I have inherited some GFF files where identified features often have common start or stop coordinates. I need to collapse such occurrences to the longest instance. As examples, I have provided an example problem and the solution below. Are there readily available tools that can do this? OR someone's Perl / Python / Bioconductor scripting?
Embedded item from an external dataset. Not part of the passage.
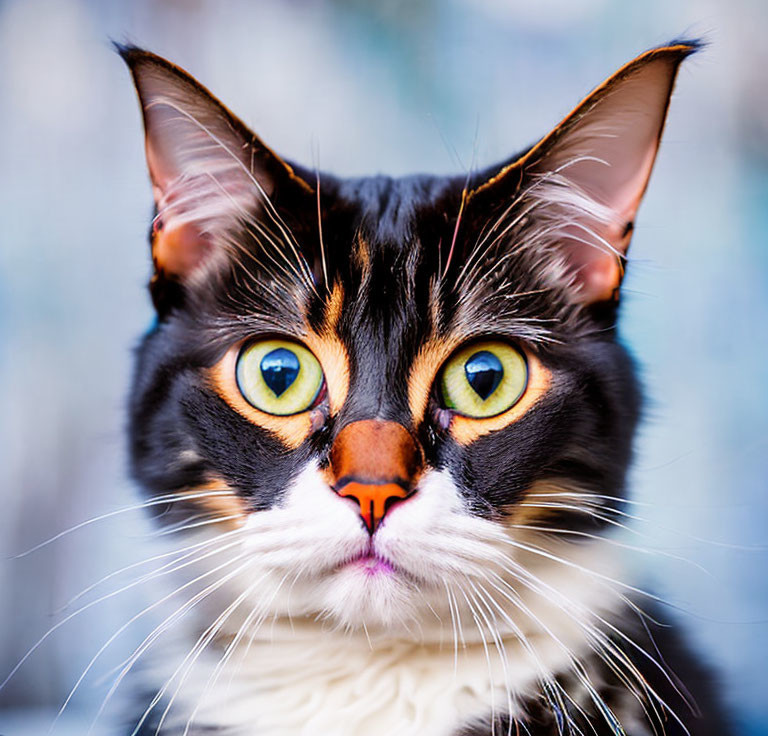 Striking amber-eyed black and white cat on blurred blue backdrop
Thanks!
PROBLEM
case 1 - plus strand, common start coord
chr1 fBS CDS 1000 2000 + . PfamID1
chr1 fBS CDS 1000 3000 + . PfamID1
chr1 fBS CDS 1000 4000 + . PfamID1
chr1 fBS CDS 1000 5000 + . PfamID1
normal
chr2 fBS CDS 9000 10000 + . PfamID1
case 2 - minus strand, common end coord
chr4 fBS CDS 5000 1000 - . PfamID1
chr4 fBS CDS 4000 1000 - . PfamID1
chr4 fBS CDS 3000 1000 - . PfamID1
normal
chr9 fBS CDS 6431 15000 + . PfamID1
case 3 - plus strand, common end coord
chr10 fBS CDS 1000 5000 + . PfamID2
chr10 fBS CDS 2000 5000 + . PfamID2
chr10 fBS CDS 3000 5000 + . PfamID2
chr10 fBS CDS 4000 5000 + . PfamID2
case 4 - minus strand, common start coord
chr12 fBS CDS 5000 4000 - . PfamID2
chr12 fBS CDS 5000 3000 - . PfamID2
chr12 fBS CDS 5000 2000 - . PfamID2
SOLUTION - should contain only 6 lines after collapsing each of cases 1, 2, 3 and 4 into one line each
chr1 fBS CDS 1000 5000 + . PfamID1
chr2 fBS CDS 9000 10000 + . PfamID1
chr4 fBS CDS 5000 1000 - . PfamID1
chr9 fBS CDS 6431 15000 + . PfamID1
chr10 fBS CDS 1000 5000 + . PfamID2
chr12 fBS CDS 5000 2000 - . PfamID2
If I am not mistaken, for GFF "start" coordinate has always to be equal or smaller then "end" coordinate, so the above is not valid GFF.